The £1.2 billion has been whittled down from the larger figure because, Change Britain argue, may laws would be kept because they stem from international agreements, while others reflect the UK's political priorities. Yet that minimal sum still includes a figure for the Motor Vehicles (EC Type Approval) (Amendment) Regulations 2008, even though it is acknowledged that these stem from UNECE.

Discounting this figure, all we have on offer is less than £1 billion regulatory saving from leaving the Single Market – a trivial sum compared with the potential risks. Equally fragile is the £10.4 billion EU budget saving, with Change Britain obstinately refusing to concede that we may well be struggling to make any savings at all.

Yet, if any newspapers want research, they can have Monograph 3 which sets out the possibilities in some detail. Change Britain - and the newspapers which publish its work – are ignoring reality.

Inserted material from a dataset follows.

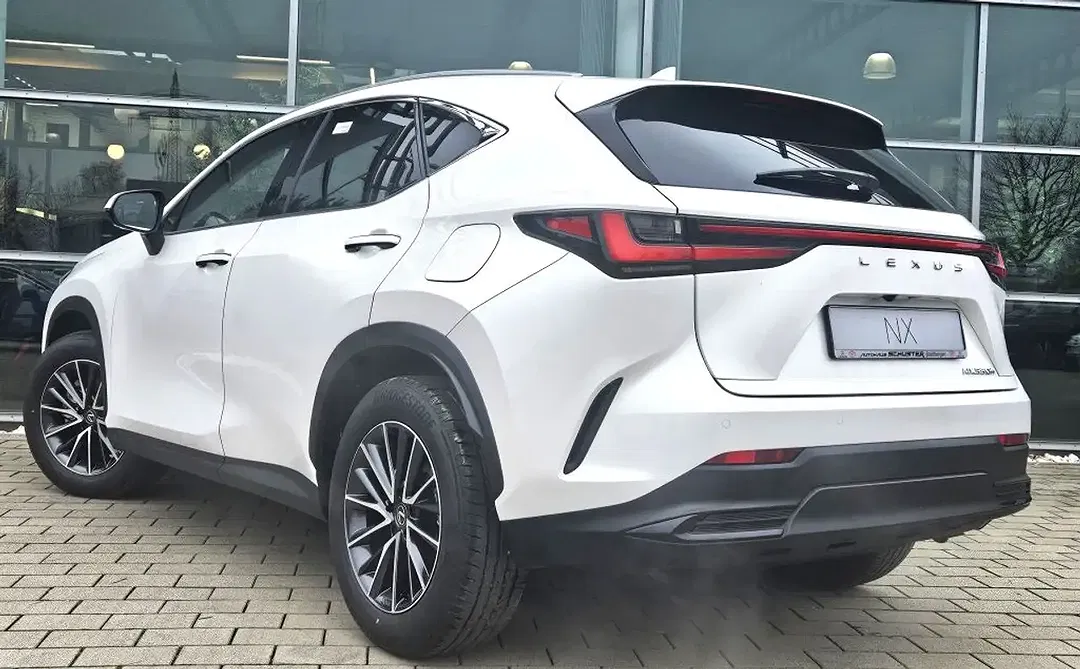 Lexus NX 350h E-FOUR Executive Line - Thumbnail 4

However, this is all part of a parcel of propaganda that had Change Britain claiming in late November that, over the course of three years from 2020, the UK stands to save £31.9 billion from not making EU transfers.

What they've effectively done now is fold in the pitiful sum from regulatory savings and their £12-plus billion supposedly accrued from increased exports, gained from leaving the customs union. In this, they've added their ignorance to the collective, falling for the false assumption that membership of the customs union necessarily stops the UK making independent trade deals.

However, for the Express - as is so often the case – the litany of error does not stop there. In a separate piece, it gives space to John Mills to argue against the "Norway option" as a transitional deal.

After Norwegian voters rejected membership in 1972 he says, "Norway finished up with transitional arrangements that in the end got turned into the EEA in 1994 - more than 20 years after their referendum. And they're still there". He adds: "The EEA was really a stepping-stone to full membership, which hasn’t happened between 1972 and 2016, over 40 years".

The point here is that Mills has fallen for the Lilley canard, asserting that the EEA was a halfway house to membership – something easily disproved by reference to the historical background. Furthermore, we know that Mills has been told his assertion is false - but he chooses to believe Lilley's falsehoods. 

I was thus intrigued to read yesterday a scientific paper courtesy of another of our commenters, which offered evidence from observation of brain activity that ".... when people are confronted with challenges to their deeply held [political] beliefs, they preferentially engage brain structures known to support stimulus-independent, internally directed cognition".

"Defending one's beliefs against challenging evidence is a form of internally directed cognition", these researchers found, "involving both disconnection from the externally presented evidence and a search through memory for relevant counterarguments".

In other words, once people have settled on their political beliefs, they shut off external stimuli and rely on an internal stock of arguments to validate them. This, effectively, is a description of the "bubble effect" which we encounter so often and explains the determination of so many people to shut out information that does not reinforce their beliefs.

Nothing we can do directly can alter this. Our own experience shows us that to attempt to change the minds of people such as John Mills was ultimately sterile, while the media is largely beyond salvation.

That apart, we can assume that the rational element of the "leaver" majority, which favours a measured Brexit, together with those "remainers" prepared to work towards the same end, actually comprise the majority of the electorate.

By contrast. the dinosaurs of Change Britain and their fellow travellers most likely comprise a minority and one which may well be shrinking as the realities of Brexit sink in. We can thus afford to ignore the noise makers and push our own positive agenda.

The media may ignore it, but then the public can ignore the media and its diet of junk - as it is increasingly doing. They - as do we - have better things to do with their time.